The first one is Nunatak, so that is we should pay attention to. We have the Hoop area further north. There we have the first well called Apollo. That is a potential play opener. Moving to East Africa in Tanzania and Mozambique. You know, Zafarani- 2 was announced today. We have Tangawizi. That's a new prospect looking promising that should be watched. Moving over to Canada. There we will have three wells. The one to look out for there is called Harpoon West. In Gulf of Mexico, a program of five wells and a prospect called Sake is worth mentioning. In Indonesia, we have a potential play opener called Sikar West. Back home in the North Sea, the Lupin prospect should be watched. It's a long list, and that is the whole point.
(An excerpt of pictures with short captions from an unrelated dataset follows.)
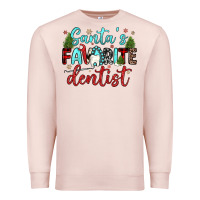 Pale Pink santas favorite dentist Premium Sweatshirt - JahusDesignShop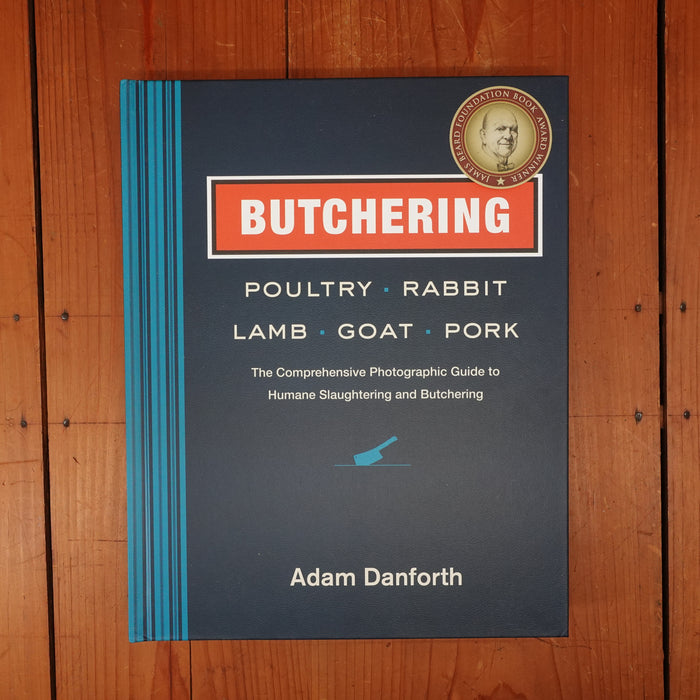 Butchering: Poultry, Rabbit, Lamb, Goat, Pork - Adam Danforth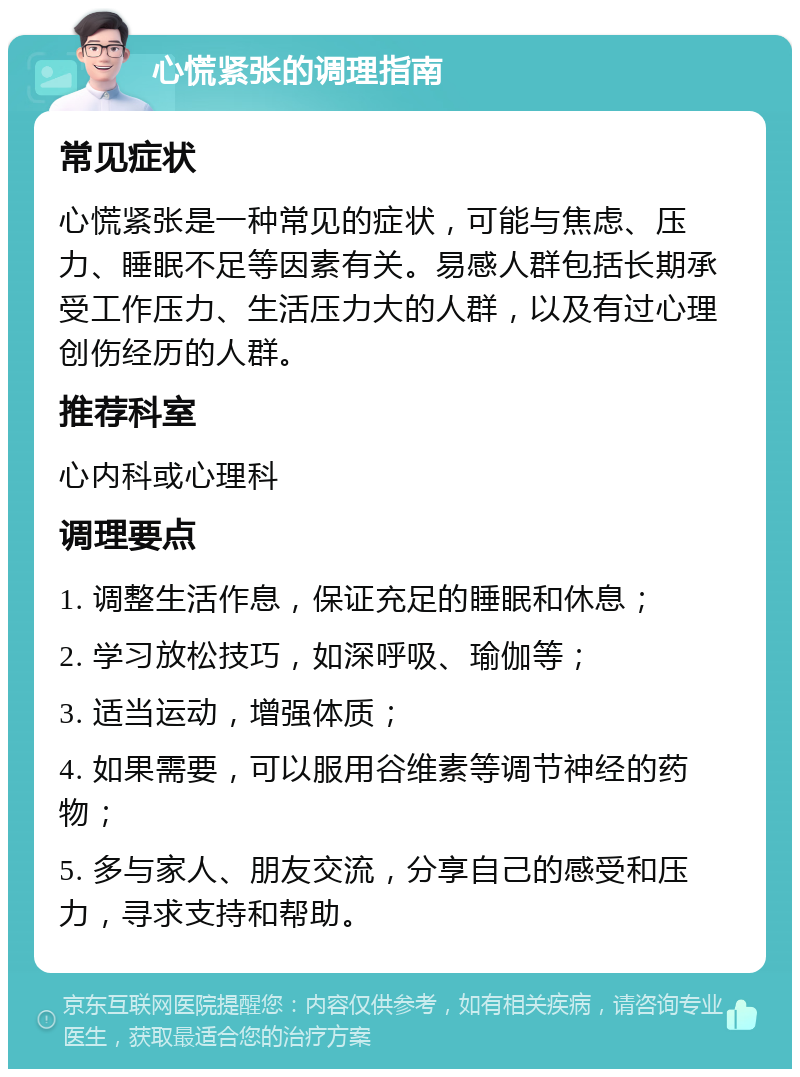 心慌紧张的调理指南 常见症状 心慌紧张是一种常见的症状，可能与焦虑、压力、睡眠不足等因素有关。易感人群包括长期承受工作压力、生活压力大的人群，以及有过心理创伤经历的人群。 推荐科室 心内科或心理科 调理要点 1. 调整生活作息，保证充足的睡眠和休息； 2. 学习放松技巧，如深呼吸、瑜伽等； 3. 适当运动，增强体质； 4. 如果需要，可以服用谷维素等调节神经的药物； 5. 多与家人、朋友交流，分享自己的感受和压力，寻求支持和帮助。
Next year we will also start drilling in the Kwanza Basin in Angola. As you have seen today, we are in an investment cycle. We are building two legacy assets for the future and the growth will be strictly governed. Our projects will give a strong cash flow and a cash flow growth, and we have the luxury to pick our best projects. Balancing all of this will ensure that we deliver a competitive growth on top of a robust balance sheet and while we are providing a competitive dividend yield. In conclusion, we are delivering strong results across the business. We are executing our strategy, and we are on track to meet our targets. Thank you very much for your attention.

Moderator

We will turn to the Q&A session. For this session, Torgrim will be joined by the Senior Vice President for Performance Management and Analysis, Svein Skeie. We will take questions from the audience here at London Stock Exchange and also over the telephone. I will first ask the operator to explain the procedure for asking questions over the telephone.

Operator

Thank you. Ladies and gentlemen, if you wish to ask a question over the audio, please press star one on your telephone keypad at this time. That's star one if you wish to ask a question over the audio.

Moderator

Thank you, operator. We will start with questions from the audience here at the London Stock Exchange. I ask you to please state the name, your name, and the name of your company. Also, please limit yourselves to one question. The Q&A will end at 1:35 P.M. We will pass microphones here in the audience in London. We'll start out with Brendan here, please.

Brendan Warn
Managing Director, Jefferies

Thank you. It's Brendan Warn from Jefferies. Just my one question. In terms of value over volume, you've given us the impact of 2013 by producing the gas in 2012. What was the EBIT or can you give us an idea of the value you got from the reduction of volume in 2013, please?

Torgrim Reitan
CFO, Statoil

It's a good question, and I think we should save it for Mr. Gas, which is here, Eldar Sætre. You know, record sales, record prices, yes, large earnings impact.

Moderator

All right. Yes. Next, please.

Alejandro de Micheli
Equity Research Analyst, Exane BNP Paribas

Hi. Alejandro de Micheli from Exane BNP Paribas. Yeah, my one question is you talked about stabilizing costs across the portfolio. Maybe you can give us some indication of how you see that evolving both in international business but also in Norway.

Torgrim Reitan
CFO, Statoil

Excuse me. Could you repeat the start of the question?

Alejandro de Micheli
Equity Research Analyst, Exane BNP Paribas

You talk about stabilizing cost.

Torgrim Reitan
CFO, Statoil

Yeah. Mm.

Alejandro de Micheli
Equity Research Analyst, Exane BNP Paribas

In your upstream business. Maybe you can give us some indication of how you see that going forward.

Torgrim Reitan
CFO, Statoil

Yeah. Thank you. I'm very glad to see the development on the cost side in 2012. Stable operational cost. I do expect, you know, cost control to be strict going forward as well. You know, the way we work with these elements is, first of all, on simplifications. I think the fast-track concept is a very good example of addressing cost. Standardizing the way that we, you know, build these projects so one project team can take care of more than one project, and the project have to use these type of equipments. It has reduced the time from discovery to production by 50% and reduced cost by 30%. That is, you know, getting more out of scarce resources.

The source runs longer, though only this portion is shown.